TASK: Your output should be the lines from the start of the data through the line containing "Nighttime street scene", exactly and nothing more.

DATA FOR ANALYSIS:
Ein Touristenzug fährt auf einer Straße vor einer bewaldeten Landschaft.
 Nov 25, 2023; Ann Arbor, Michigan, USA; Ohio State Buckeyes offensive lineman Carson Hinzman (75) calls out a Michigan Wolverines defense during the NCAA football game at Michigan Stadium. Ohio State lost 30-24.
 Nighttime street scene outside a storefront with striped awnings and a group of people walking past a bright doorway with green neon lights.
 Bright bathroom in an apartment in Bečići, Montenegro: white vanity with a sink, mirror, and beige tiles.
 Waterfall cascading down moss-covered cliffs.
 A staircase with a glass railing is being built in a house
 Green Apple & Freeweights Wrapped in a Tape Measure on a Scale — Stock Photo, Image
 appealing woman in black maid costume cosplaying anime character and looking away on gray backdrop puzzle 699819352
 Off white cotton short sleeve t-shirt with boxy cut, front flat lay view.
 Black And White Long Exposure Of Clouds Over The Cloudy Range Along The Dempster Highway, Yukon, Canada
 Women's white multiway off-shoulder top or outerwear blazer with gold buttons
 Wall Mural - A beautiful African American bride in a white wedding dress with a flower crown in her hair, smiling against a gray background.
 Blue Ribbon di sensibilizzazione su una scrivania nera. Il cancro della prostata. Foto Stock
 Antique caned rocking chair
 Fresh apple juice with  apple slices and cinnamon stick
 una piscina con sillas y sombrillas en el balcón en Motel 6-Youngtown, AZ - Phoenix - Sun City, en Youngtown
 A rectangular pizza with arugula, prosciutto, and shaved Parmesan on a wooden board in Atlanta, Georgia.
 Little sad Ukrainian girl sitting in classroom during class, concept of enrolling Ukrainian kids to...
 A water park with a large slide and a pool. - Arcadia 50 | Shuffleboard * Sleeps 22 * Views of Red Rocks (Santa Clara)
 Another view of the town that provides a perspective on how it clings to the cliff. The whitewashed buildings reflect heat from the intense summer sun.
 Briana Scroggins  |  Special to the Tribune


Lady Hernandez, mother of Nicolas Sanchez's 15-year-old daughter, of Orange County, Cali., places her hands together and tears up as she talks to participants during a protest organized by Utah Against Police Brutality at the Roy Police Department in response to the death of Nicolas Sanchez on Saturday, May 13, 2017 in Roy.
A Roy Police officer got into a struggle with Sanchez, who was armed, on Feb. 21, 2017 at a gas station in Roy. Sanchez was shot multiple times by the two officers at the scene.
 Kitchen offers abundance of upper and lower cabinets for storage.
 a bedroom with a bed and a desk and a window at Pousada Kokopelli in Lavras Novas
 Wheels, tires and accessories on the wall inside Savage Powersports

SOLUTION TO THE EXERCISE:
Ein Touristenzug fährt auf einer Straße vor einer bewaldeten Landschaft.
 Nov 25, 2023; Ann Arbor, Michigan, USA; Ohio State Buckeyes offensive lineman Carson Hinzman (75) calls out a Michigan Wolverines defense during the NCAA football game at Michigan Stadium. Ohio State lost 30-24.
 Nighttime street scene outside a storefront with striped awnings and a group of people walking past a bright doorway with green neon lights.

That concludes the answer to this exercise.